→ PROBLEM DETAILS
Everything from the line containing "Clinical utility of" through the last line of the entries needs to be repeated exactly. Pictures must be left out.

→ DATASET CONTENT
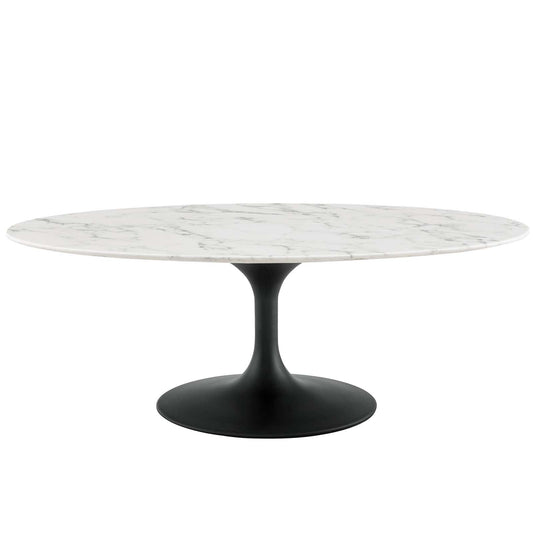 Lippa 48" Oval Faux Marble Coffee Table by Modway
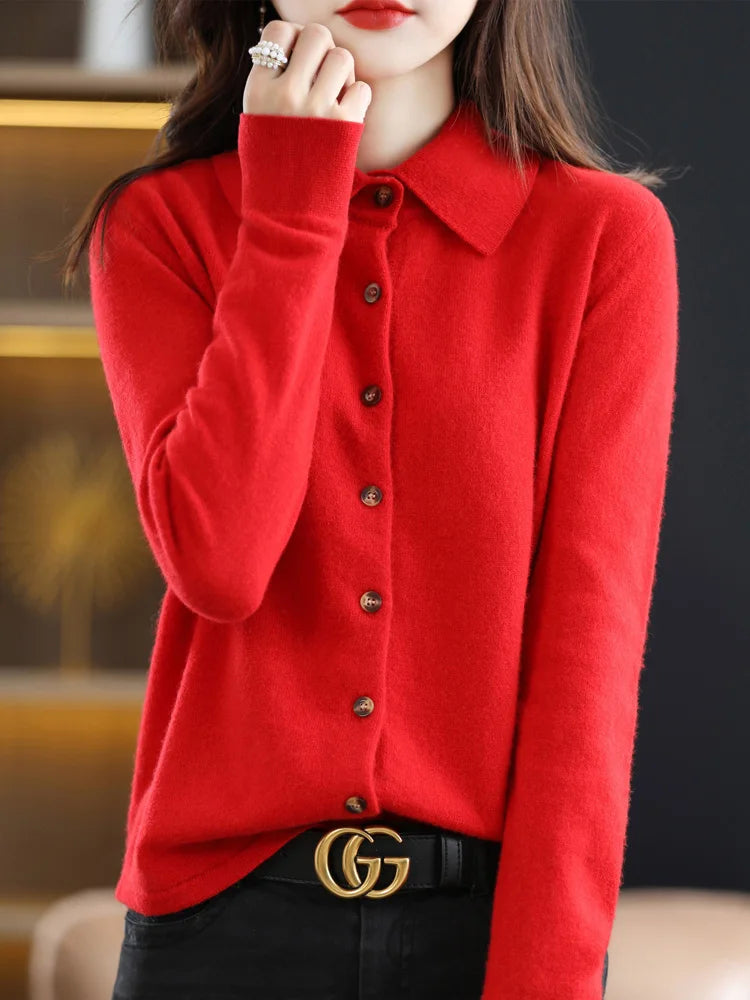 Women's Polo-Collar Knit Cardigan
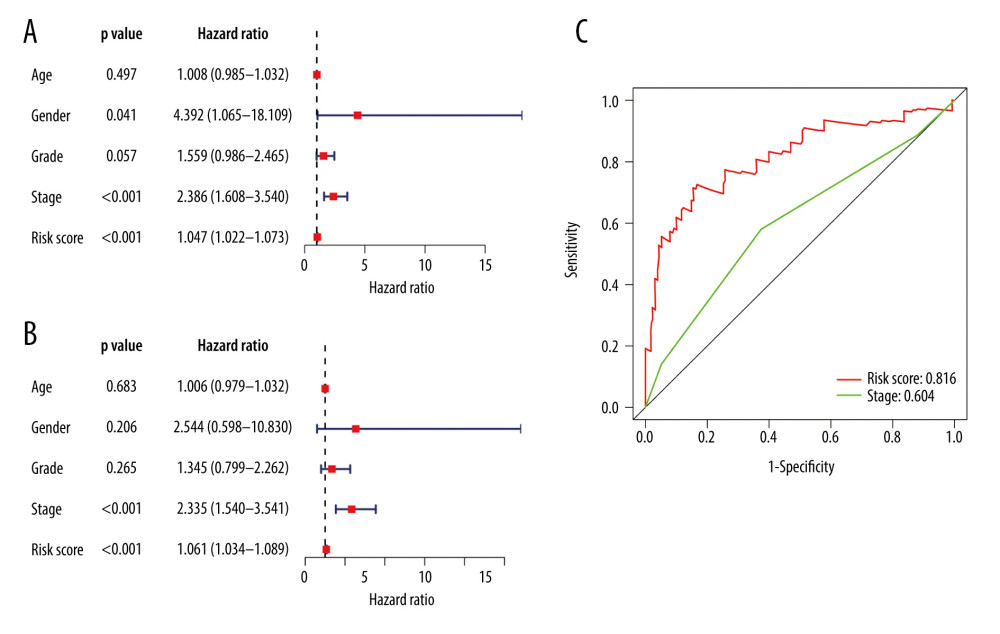 Clinical utility of the model in the entire cohort. (A) Univariate Cox analysis. (B) Multivariate Cox analysis. (C) The receiver operating characteristic (ROC) curve of the prognostic variables in the entire group at 1 year.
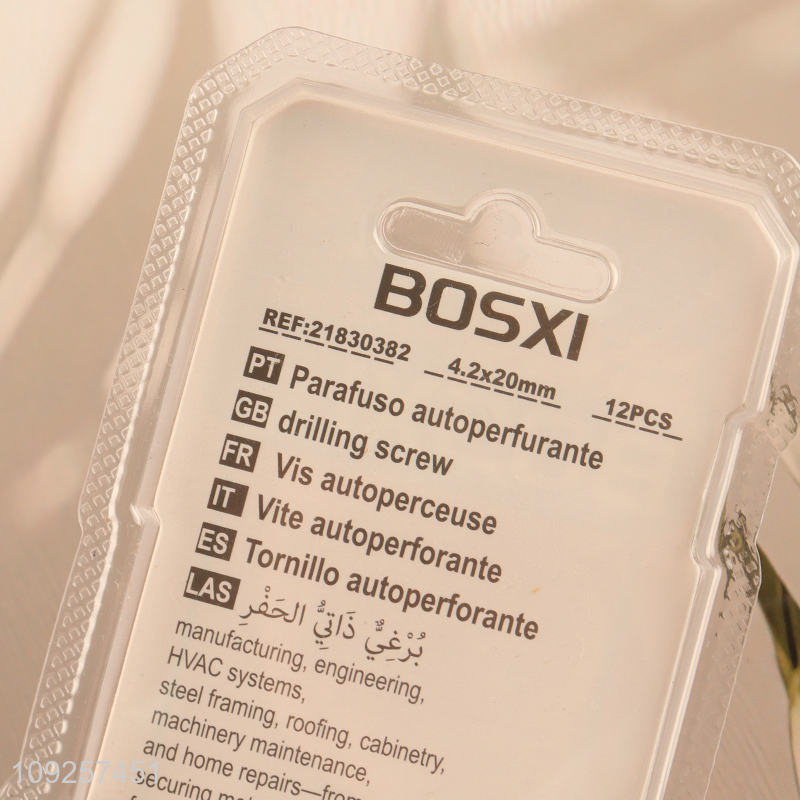 Good Quality 12 Pieces Self Drilling Screws Set Iron Self Tapping Screws Set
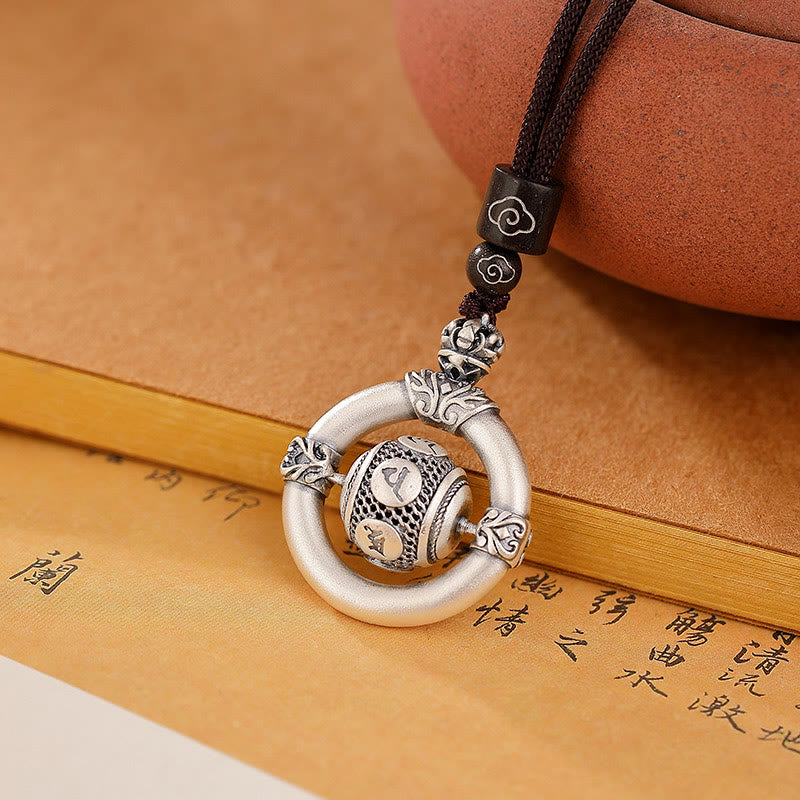 KarmaRipple's 999 Sterling Silver Om Mani Padme Hum Engraved Wisdom Pendant Rope Necklace p3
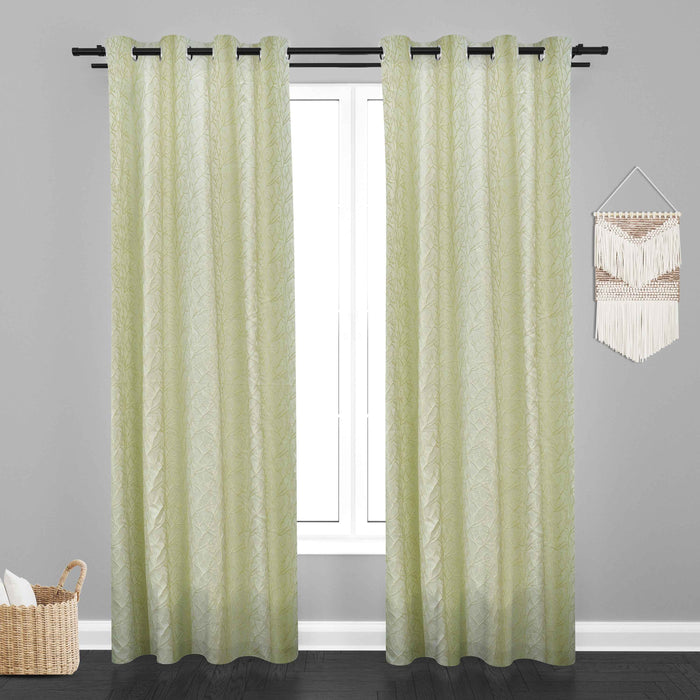 Manila  Floral Design Jaquard Fabric Curtain -Light Green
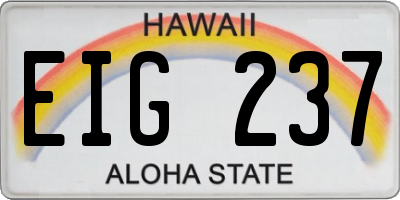 HI license plate EIG237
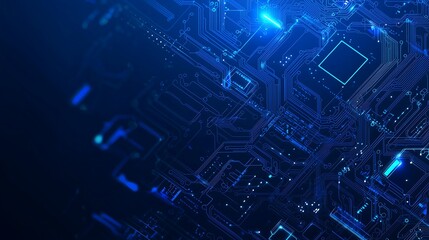 Futuristic Glowing Circuitry with Advanced Microprocessor. Generative AI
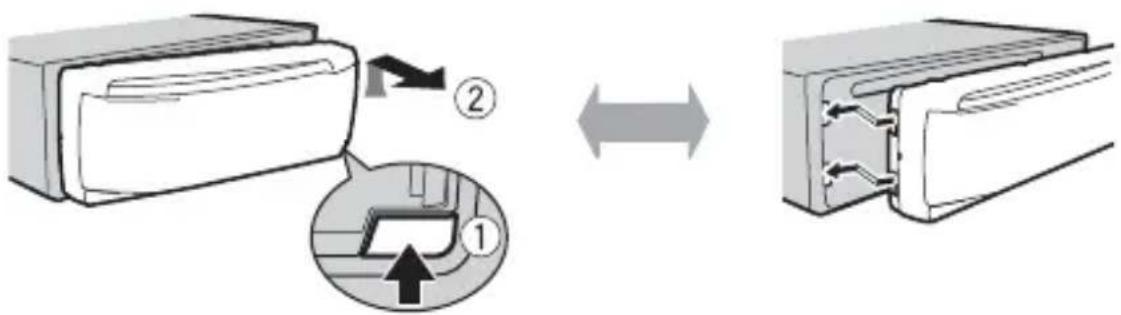 PIONEER DEH-S220UI - Detaching the front panel - 1
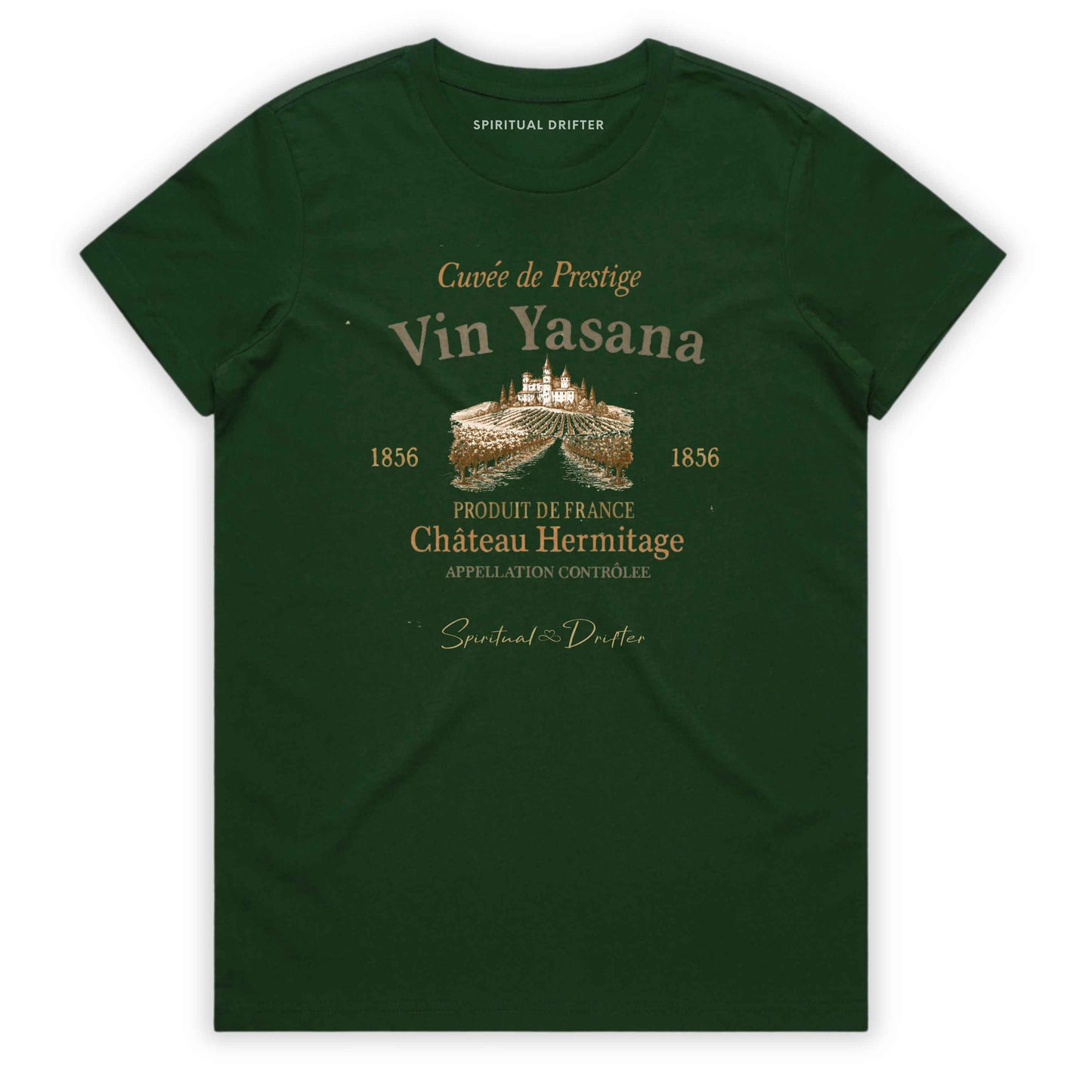 Spiritual Drifter “Vin Yasana” vintage wine label yoga parody graphic classic t shirt in forest green. Elevated spiritual apparel inspired by meditation, mindfulness, yoga, positive vibes, law of attraction and conscious living.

→ SOLVED EXERCISE
 Clinical utility of the model in the entire cohort. (A) Univariate Cox analysis. (B) Multivariate Cox analysis. (C) The receiver operating characteristic (ROC) curve of the prognostic variables in the entire group at 1 year.
 Good Quality 12 Pieces Self Drilling Screws Set Iron Self Tapping Screws Set
 KarmaRipple's 999 Sterling Silver Om Mani Padme Hum Engraved Wisdom Pendant Rope Necklace p3
 Manila  Floral Design Jaquard Fabric Curtain -Light Green
 HI license plate EIG237
 Futuristic Glowing Circuitry with Advanced Microprocessor. Generative AI
 PIONEER DEH-S220UI - Detaching the front panel - 1
 Spiritual Drifter “Vin Yasana” vintage wine label yoga parody graphic classic t shirt in forest green. Elevated spiritual apparel inspired by meditation, mindfulness, yoga, positive vibes, law of attraction and conscious living.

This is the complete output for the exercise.